Which passage of the Bible is the favorite of Christians who like to defend the Christian worldview? I don’t mean which one is most inspirational… I mean “which one is the most useful for winning arguments?” Well, when it comes to the historical Jesus, the most important passage has to be 1 Corinthians 15:3-7.
The tradition in 1 Corinthians 15 is an early creed that was received from the eyewitnesses Peter and John when Paul visited them several times in Jerusalem, as documented in Galatians 1 and 2, where Paul meets the eyewitnesses. And of course, Paul records his own eyewitness experience, documented in 1 Cor 15:8.
So, is this passage accepted as historically reliable by all ancient historians?

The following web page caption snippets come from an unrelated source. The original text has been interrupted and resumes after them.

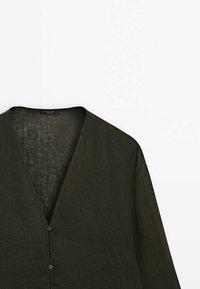 Chemise en lin vert foncé avec un col en V, des manches longues et deux boutons à l'avant. Le tissu a une finition texturée, ajoutant de la profondeur au design.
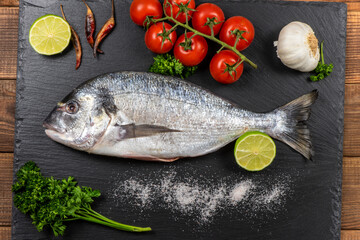 Sea bream and ingredients for cooking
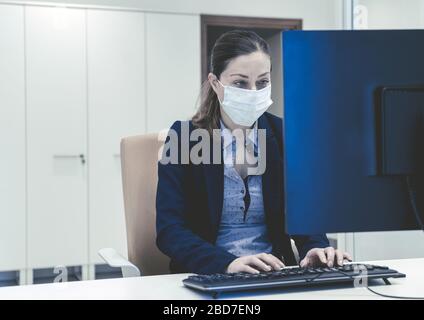 businessman working on laptop in office with the surgical mask Stock Photo
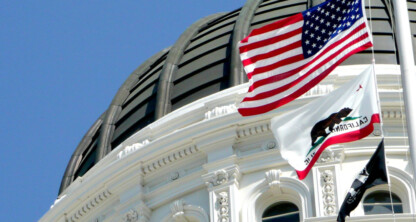 Close-up of the California State Capitol dome with the U.S., California, and POW/MIA flags flying at half-staff against a clear blue sky—an inspiring sight for chicago lawyers seeking litigation support and justice.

Or only by the Bible-believing ones?
Here’s something posted by Dr. William Lane Craig about the 1 Corinthians 15 passage:
The evidence that Paul is not writing in his own hand in I Cor. 15.3-5 is so powerful that all New Testament scholars recognize that Paul is here passing on a prior tradition. In addition to the fact that Paul explicitly says as much, the passage is replete with non-Pauline characteristics, including, in order of appearance: (i) the phrase “for our sins” using the genitive case and plural noun is unusual for Paul; (ii) the phrase “according to the Scriptures” is unparalleled in Paul, who introduces Scriptural citations by “as it is written”; (iii) the perfect passive verb “has been raised” appears only in this chapter and in a pre-Pauline confessional formula in II Tim. 2.8; (iv) the phrase “on the third day” with its ordinal number following the noun in Greek is non-Pauline; (v) the word “appeared” is found only here and in the confessional formula in I Tim. 3.16; and (vi) “the Twelve” is not Paul’s nomenclature, for he always speaks of the twelve disciples as “the apostles.”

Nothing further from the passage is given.